Editorial Autores de Argentina

Linari, Adrián

Ópera paranaense / Adrián Linari. - 1a ed . - Ciudad Autónoma de Buenos Aires : Autores de Argentina, 2020.

Libro digital, EPUB

Archivo Digital: online

ISBN 978-987-87-0582-8

1. Cuentos. 2. Narrativa Argentina. I. Título.

CDD A863

Editorial Autores de Argentina

www.autoresdeargentina.com

Mail: [email protected]

Queda hecho el depósito que establece la LEY 11.723

Impreso en Argentina – Printed in Argentina

Dedicatoria en orden cronológico:

A la Fabi, la Mayra, el Tabaré, la Aylén, el Isaías y la Agustina.

A modo de introducción

“La vida es así, compañero, tiene vocación de cuento.

Y si no entiendes esto, no entiendes nada”.

Manuel Rivas: Los libros arden mal

El giro del Lembú

—Resígnense, che, que está visto que los llamados de la sangre son como los designios del Señor, irrevocables –falló nuestro párroco, don Tránsito de la Cruz Gil.

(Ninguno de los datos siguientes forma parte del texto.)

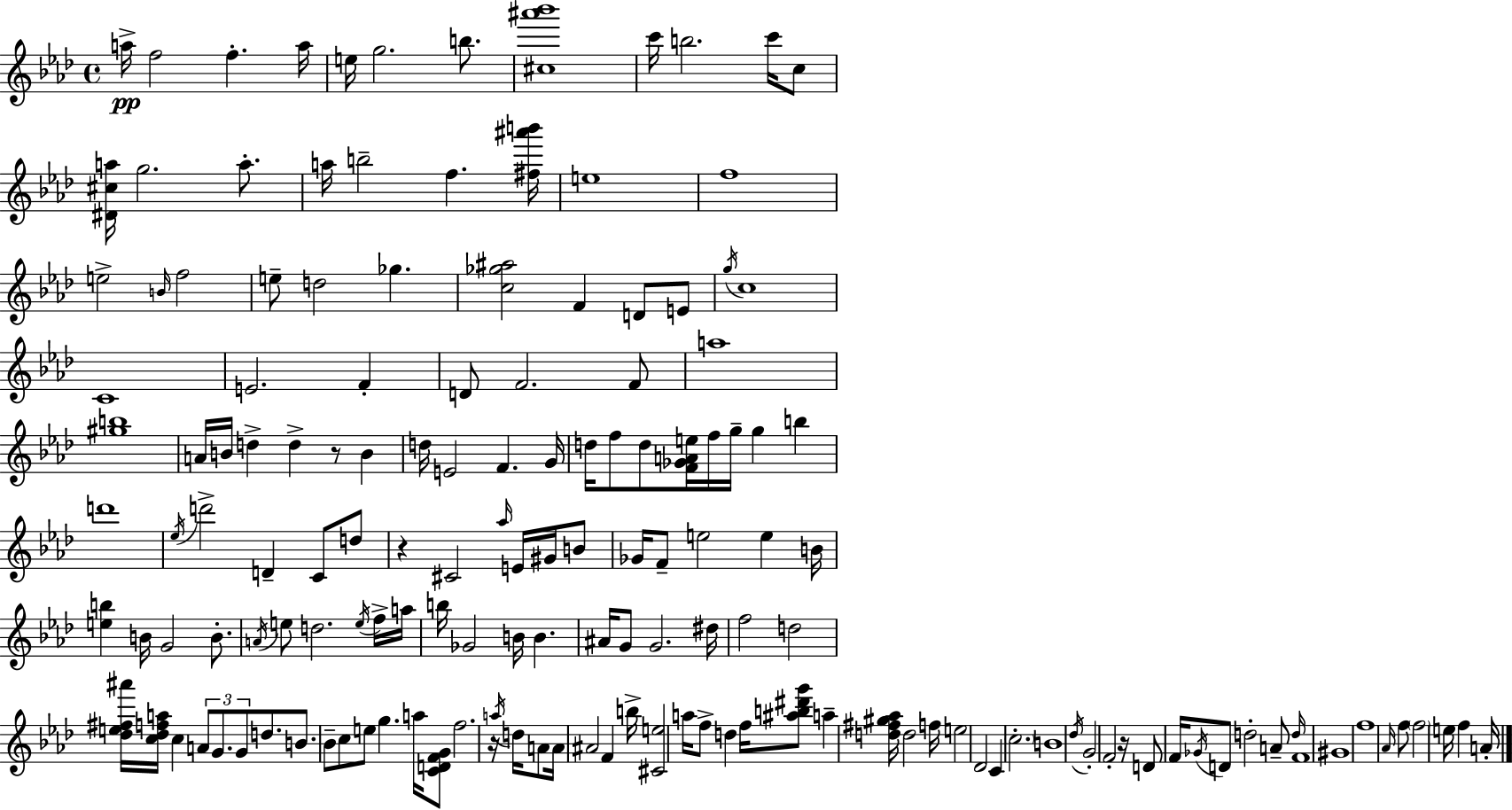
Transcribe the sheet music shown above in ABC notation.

Los devotos que al cabo de la misa vespertina lo habían rodeado para demandarle que destinara su autoridad al encauzamiento del amotinado, acusaron el golpe de su sentencia. Prueba de ello es que durante un buen rato se quedaron barriendo el atrio con la mirada. Sucedía que a ninguno se le pasaba de largo que, aparte de no ser amigo de pronunciarse a la ligera, don Tránsito nunca daba el brazo a torcer. Nunca. Y menos que menos cuando lo que estaba en juego era tan luego un precepto, como consideraba él al asunto de la voz de la sangre.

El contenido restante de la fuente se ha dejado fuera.